Stick With Me, Kid is a British television series created by Peter Hume that aired in 1995 on The Disney Channel. The series was created by Peter Hume, produced by Buena Vista Productions Ltd. and starred Kristopher Milnes and Leigh Lawson. The executive producer was Daniel Petrie Jr., Supervising Producers were Lee Goldberg & William Rabkin and Hume, and the producers were Ken Kaufman and Harry Waterson.

==Production==
Filming of the show took place at Bray Studios and at places South of London. A production team from Europe was used. Daniel Petrie Jr. was the pilot's executive producer, while Peter Hume penned its teleplay and Gary Nelson directed the show. The show is directed for children between the ages of seven and 11.

==Premise==
The show revolved around the life of Ripley Hillard (Milnes), a prodigious but troubled 13-year-old boy. After a diamond is stolen from the local museum, Ripley is determined to solve the case, but fails to attract any attention from the police, as he is only 13 years old. He then seeks the help of Grant Logan (Lawson), an out of work actor, to pose as a detective for him, as the police will only listen to the ideas of an adult.

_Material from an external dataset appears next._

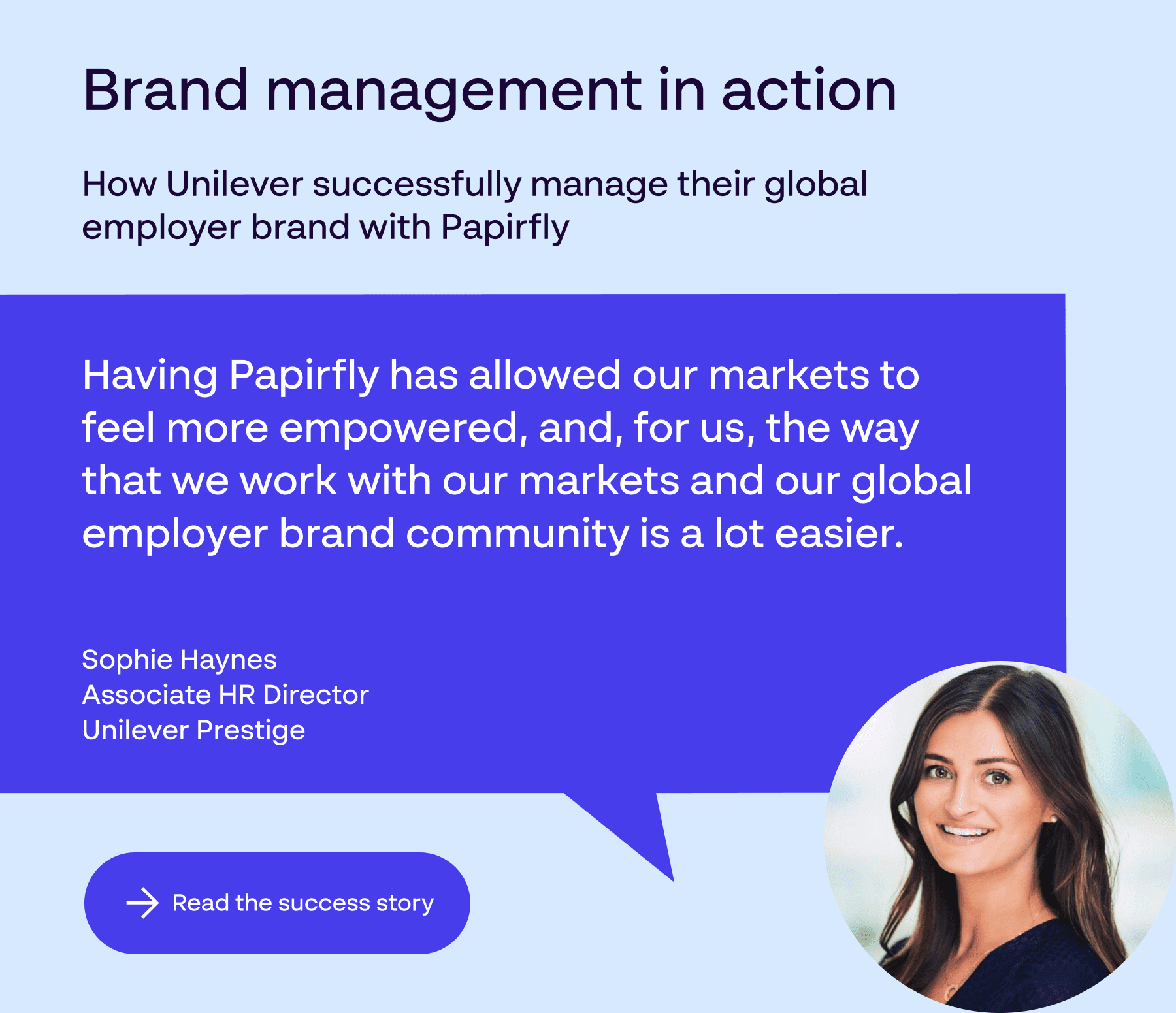 Unilever brand management success story using Papirfly software to manage their global employer brand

The first two episodes (the TV movie pilot edited into individual episodes) revolve around the diamond theft, but the remaining 11 episodes focused on a different case each week. Grant would put on the act of the detective, but Ripley would always be the brains. Grant also helped Ripley with his personal problems such as being bullied at school and lack of a father.

==List of the episodes==

| Number | Title | Written By | Director/ Notes |
|---|---|---|---|
| 1 | Pilot – Part One” | Peter Hume | Gary Nelson |
| 2 | The Pilot - Two | Peter Hume | Gary Nelson |
| 3 | Cello Goodbye | Peter Hume | TBA |
| 4 | Detectives in Training | Lee Goldberg & William Rabkin | David Tucker |
| 5 | The Wrath of Rahm | Peter Hume | TBA |
| 6 | Every Cloud Has a Silver Lining | Ken Kaufman | Christopher King |
| 7 | Frame Up | Jeffery C. Sherman | Harry Harris |
| 8 | Man of a Couple Faces | Lee Goldberg & William Rabkin | Gordon Flemyng |
| 9 | ”Mayhem at the Woodruff Court” | Ken Kaufman | Harry Harris |
| 10 | Return of the Morlwagget | Simon Booker | Gordon Flemyng |
| 11 | Don't Toy with Me | James L. Novack | Christopher King |
| 12 | Charity Case | Peter Hume | Christian I. Nyby II |
| 13 | Damsel in This Dress | Fabrice Ziolkowski | Christian I. Nyby II |

==Reception==
Louise Leger of The Globe and Mail praised the show, writing in reference to the character Ripley Hilliard and the actor Leigh Lawson's portray of the unemployed actor Grant Logan, "Ripley is a likable kid and Lawson's portrayal of the down-and-out-yet-egotistical Logan amounts to good fun."